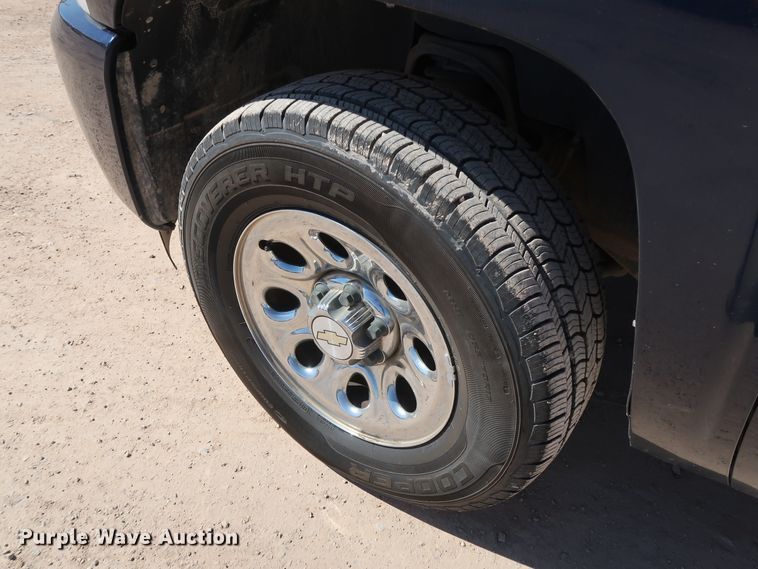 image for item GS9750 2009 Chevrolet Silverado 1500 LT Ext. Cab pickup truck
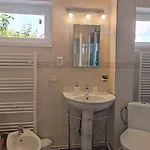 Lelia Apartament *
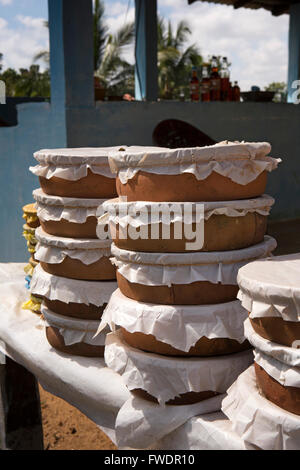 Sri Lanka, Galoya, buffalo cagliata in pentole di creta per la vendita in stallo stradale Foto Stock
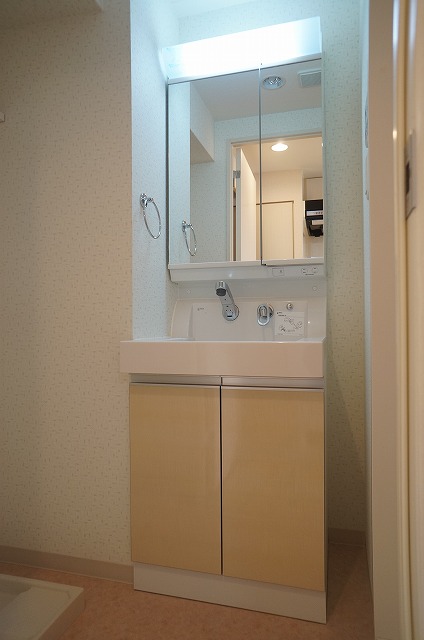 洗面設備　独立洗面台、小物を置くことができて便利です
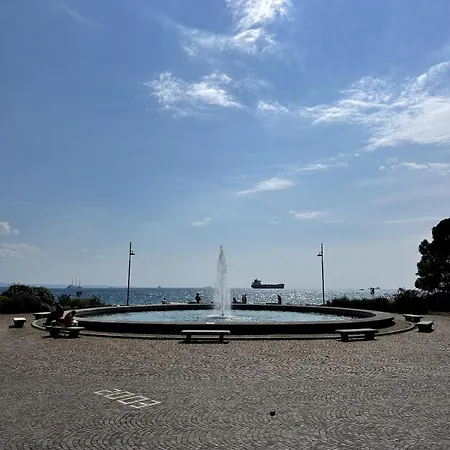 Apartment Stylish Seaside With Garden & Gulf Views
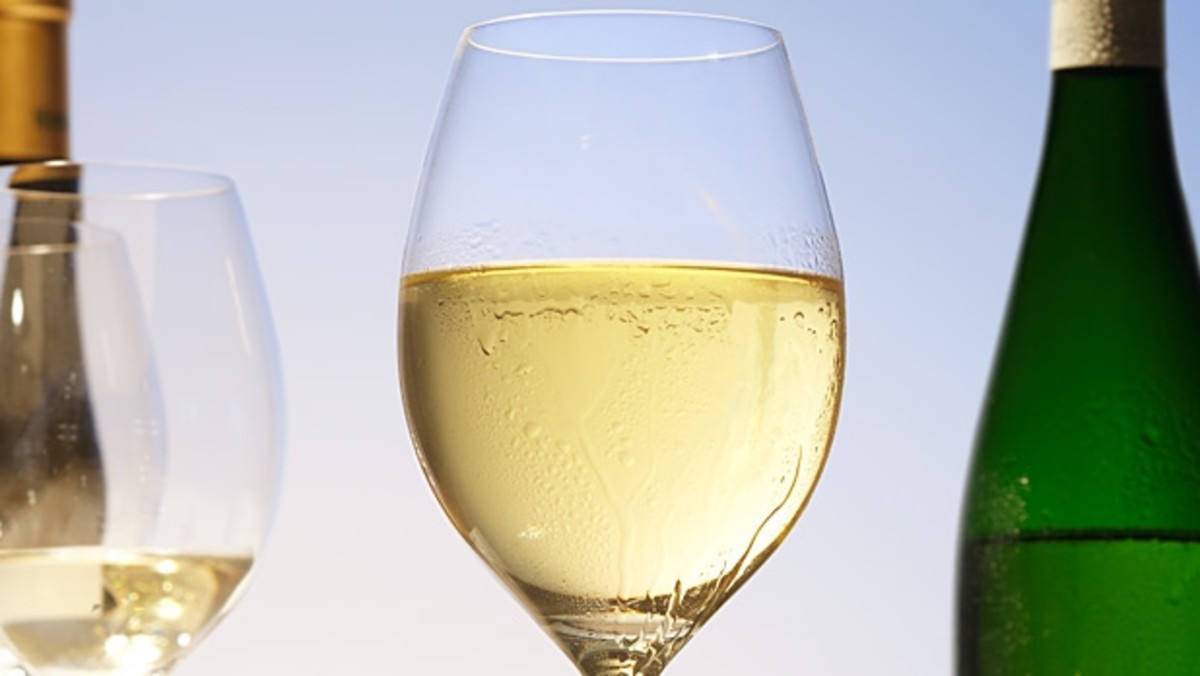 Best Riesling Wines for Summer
____________________
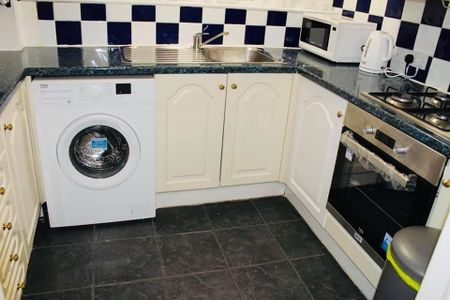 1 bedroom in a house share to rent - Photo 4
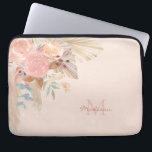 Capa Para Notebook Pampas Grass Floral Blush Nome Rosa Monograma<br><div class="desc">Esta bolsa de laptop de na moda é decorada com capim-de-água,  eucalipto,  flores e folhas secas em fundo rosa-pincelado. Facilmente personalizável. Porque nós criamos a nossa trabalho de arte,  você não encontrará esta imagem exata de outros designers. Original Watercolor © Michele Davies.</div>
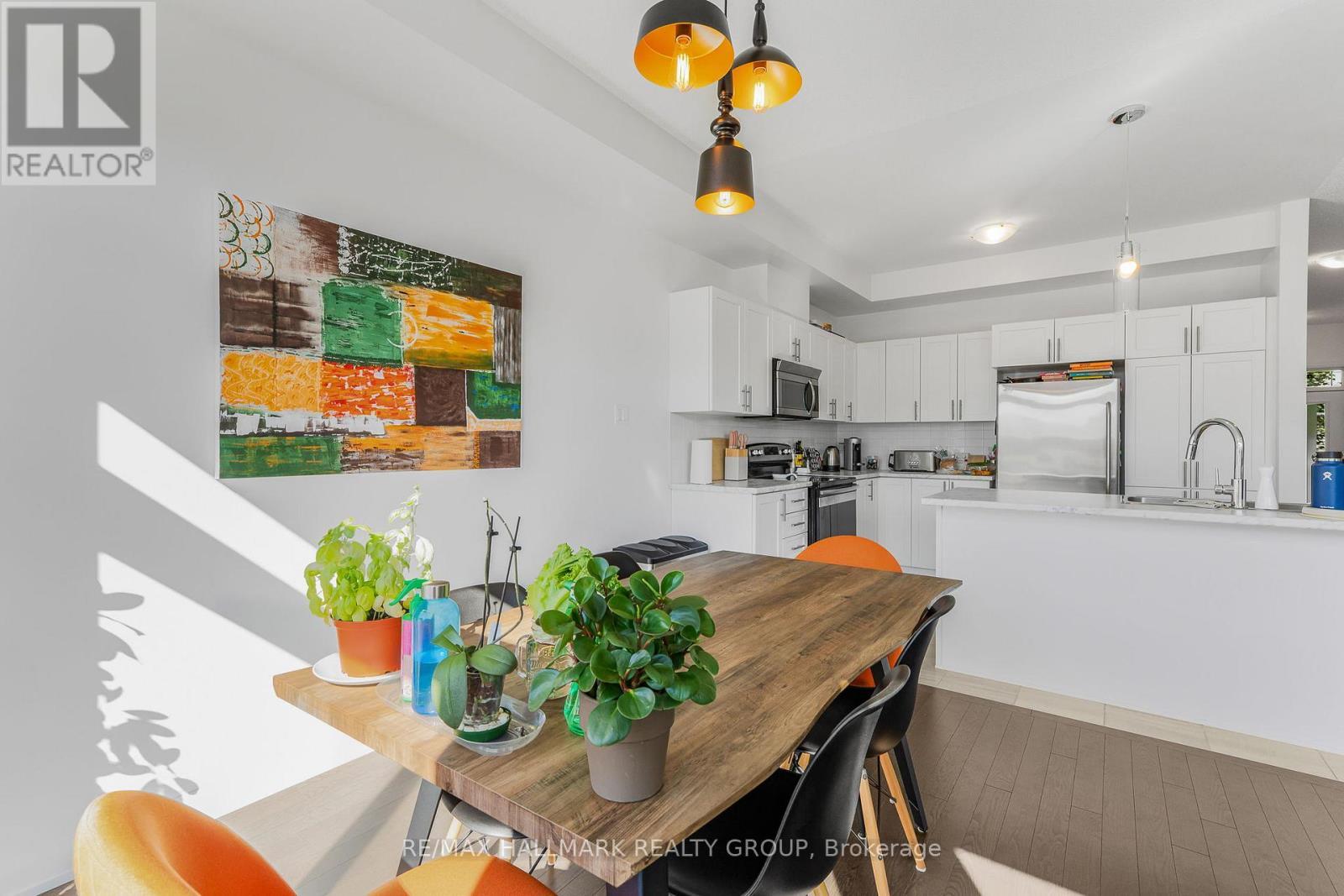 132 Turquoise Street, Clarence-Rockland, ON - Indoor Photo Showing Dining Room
____________________
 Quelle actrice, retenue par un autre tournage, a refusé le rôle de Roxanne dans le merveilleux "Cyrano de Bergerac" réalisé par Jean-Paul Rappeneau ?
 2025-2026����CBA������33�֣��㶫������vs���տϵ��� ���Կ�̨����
____________________
▶ What you will do
Nothing but the lines from the one with "Lelia Apartament *" to the one with "Best Riesling Wines for Summer" above, both included, should be transcribed, exactly and without pictures.

▶ Result below
 Lelia Apartament *
 Sri Lanka, Galoya, buffalo cagliata in pentole di creta per la vendita in stallo stradale Foto Stock
 洗面設備　独立洗面台、小物を置くことができて便利です
 Apartment Stylish Seaside With Garden & Gulf Views
 Best Riesling Wines for Summer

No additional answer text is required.